⟨
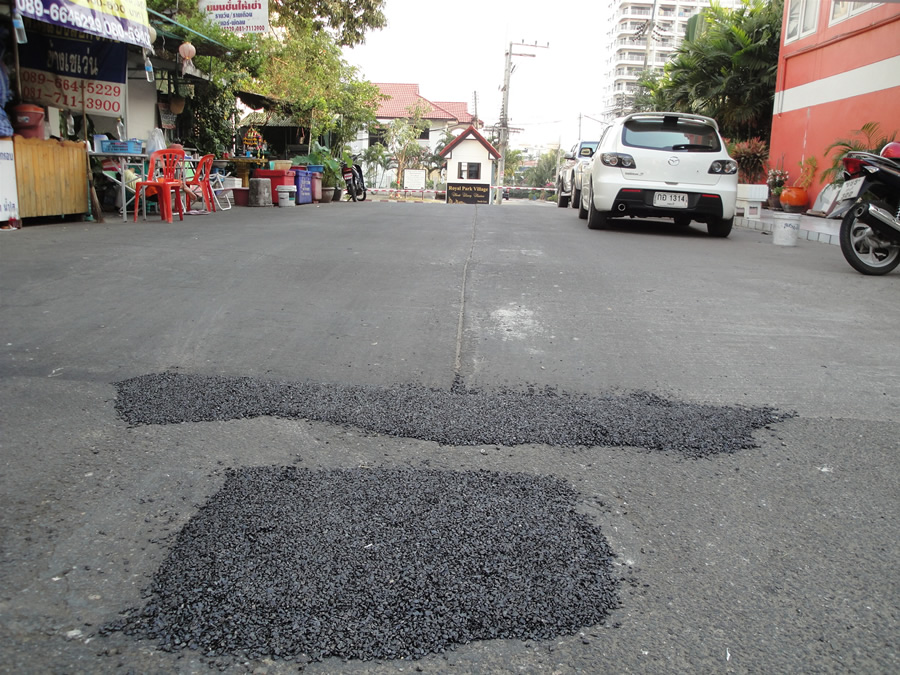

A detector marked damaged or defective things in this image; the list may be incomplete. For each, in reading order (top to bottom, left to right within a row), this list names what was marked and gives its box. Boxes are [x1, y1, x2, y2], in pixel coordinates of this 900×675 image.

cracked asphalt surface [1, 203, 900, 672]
⟩
⟨
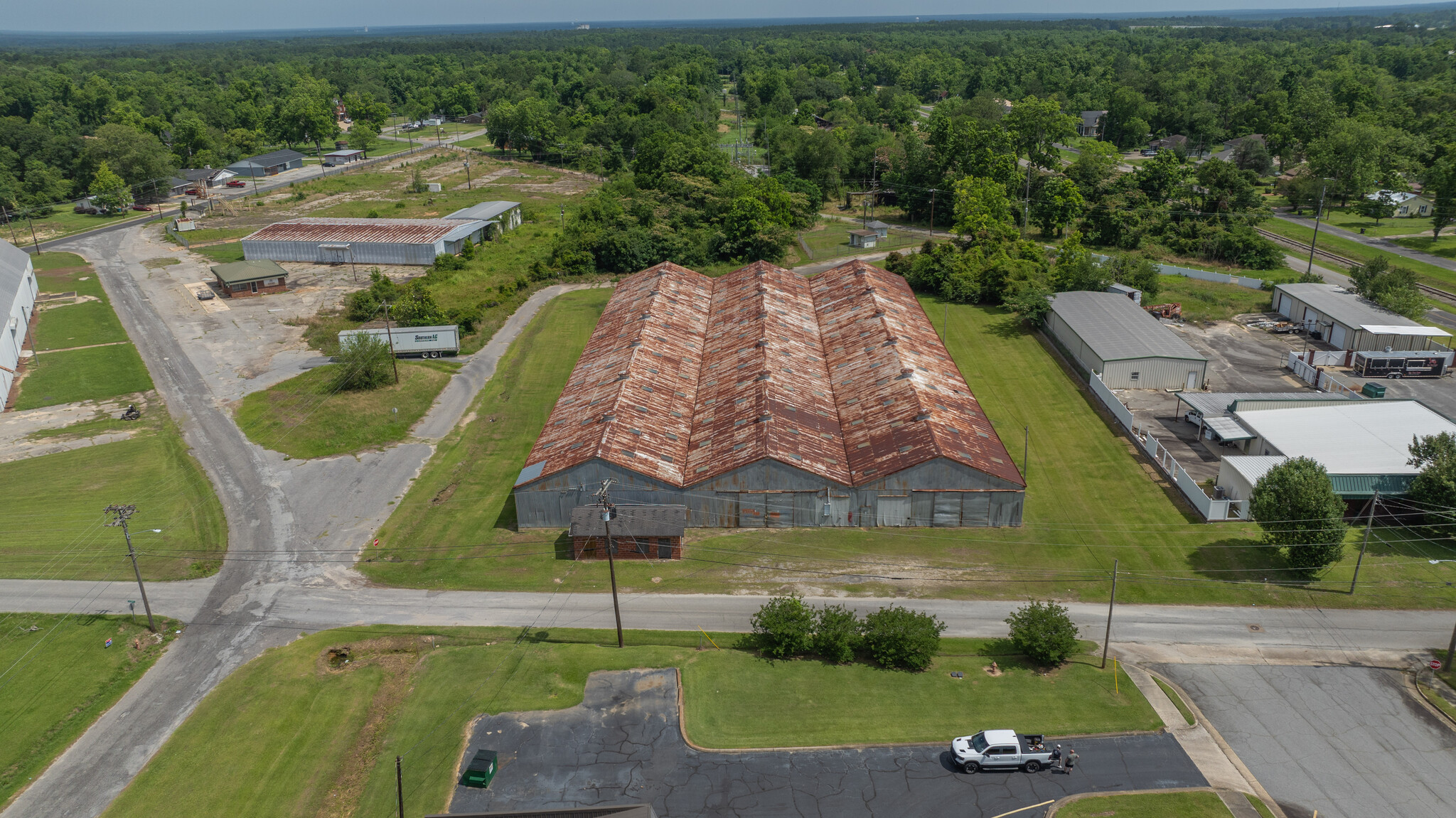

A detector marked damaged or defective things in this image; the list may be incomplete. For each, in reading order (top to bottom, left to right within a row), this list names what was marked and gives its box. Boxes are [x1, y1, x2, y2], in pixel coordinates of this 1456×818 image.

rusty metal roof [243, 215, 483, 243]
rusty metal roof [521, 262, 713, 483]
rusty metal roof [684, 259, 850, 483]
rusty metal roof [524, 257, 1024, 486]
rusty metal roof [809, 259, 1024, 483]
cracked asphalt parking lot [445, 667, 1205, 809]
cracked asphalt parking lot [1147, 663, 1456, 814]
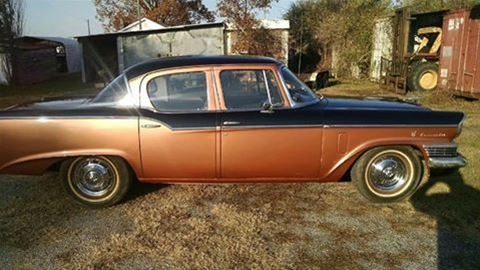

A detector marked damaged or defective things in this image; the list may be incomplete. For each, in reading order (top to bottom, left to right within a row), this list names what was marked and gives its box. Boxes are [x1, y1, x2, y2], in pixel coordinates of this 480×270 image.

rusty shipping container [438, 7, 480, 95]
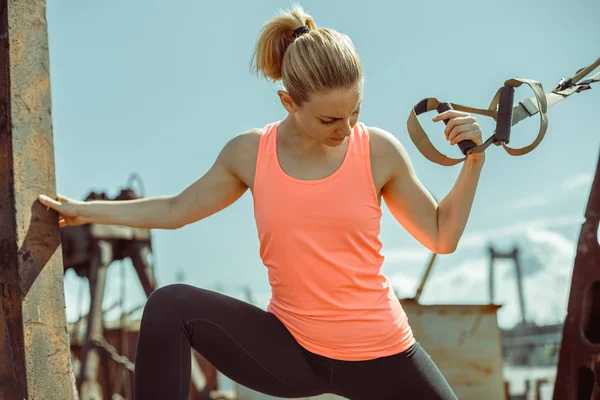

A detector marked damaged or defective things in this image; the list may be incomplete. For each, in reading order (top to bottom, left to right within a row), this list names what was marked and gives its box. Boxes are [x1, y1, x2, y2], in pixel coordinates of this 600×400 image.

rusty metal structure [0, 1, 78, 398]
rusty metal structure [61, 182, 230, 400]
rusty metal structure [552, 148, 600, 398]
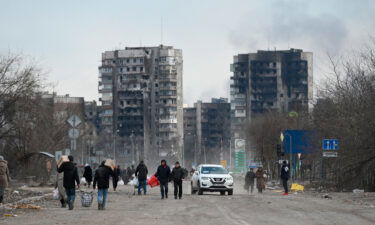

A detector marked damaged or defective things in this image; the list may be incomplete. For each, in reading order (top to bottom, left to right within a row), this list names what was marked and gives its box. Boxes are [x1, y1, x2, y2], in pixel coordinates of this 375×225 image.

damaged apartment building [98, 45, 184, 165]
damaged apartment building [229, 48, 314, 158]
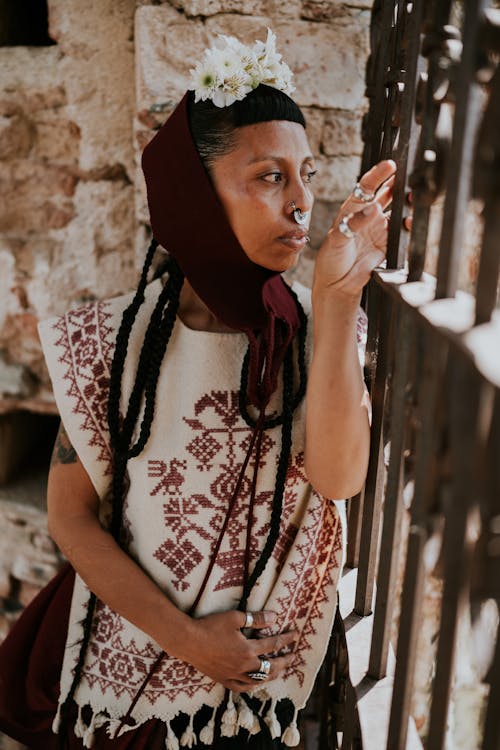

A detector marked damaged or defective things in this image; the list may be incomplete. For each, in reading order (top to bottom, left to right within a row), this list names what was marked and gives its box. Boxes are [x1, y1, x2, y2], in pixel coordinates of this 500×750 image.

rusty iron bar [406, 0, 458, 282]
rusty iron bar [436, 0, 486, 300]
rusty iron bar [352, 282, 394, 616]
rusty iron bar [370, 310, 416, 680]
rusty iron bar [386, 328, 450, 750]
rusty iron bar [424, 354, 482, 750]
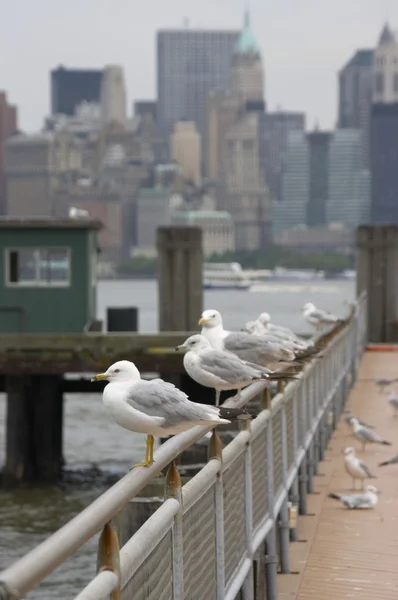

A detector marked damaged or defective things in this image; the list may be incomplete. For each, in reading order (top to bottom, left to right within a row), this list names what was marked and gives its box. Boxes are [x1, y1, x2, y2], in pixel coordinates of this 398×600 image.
⟩
## What you will do
Excluding any pictures, print exactly the lines of the listing above from the line with "this 500×750 image." to the line with "this 398×600 image.", both ends included.

## Response for this exercise
A detector marked damaged or defective things in this image; the list may be incomplete. For each, in reading order (top to bottom, left to right within a row), this list names what was marked and gives its box. Boxes are [x1, y1, x2, y2], in pixel coordinates of this 500×750 image.

rusty iron bar [406, 0, 458, 282]
rusty iron bar [436, 0, 486, 300]
rusty iron bar [352, 282, 394, 616]
rusty iron bar [370, 310, 416, 680]
rusty iron bar [386, 328, 450, 750]
rusty iron bar [424, 354, 482, 750]

A detector marked damaged or defective things in this image; the list may be incomplete. For each, in reading order (top to bottom, left to right within a row), this list names what was marked and gives its box. Boxes are [x1, y1, x2, y2], in pixel coordinates of this 398×600 image.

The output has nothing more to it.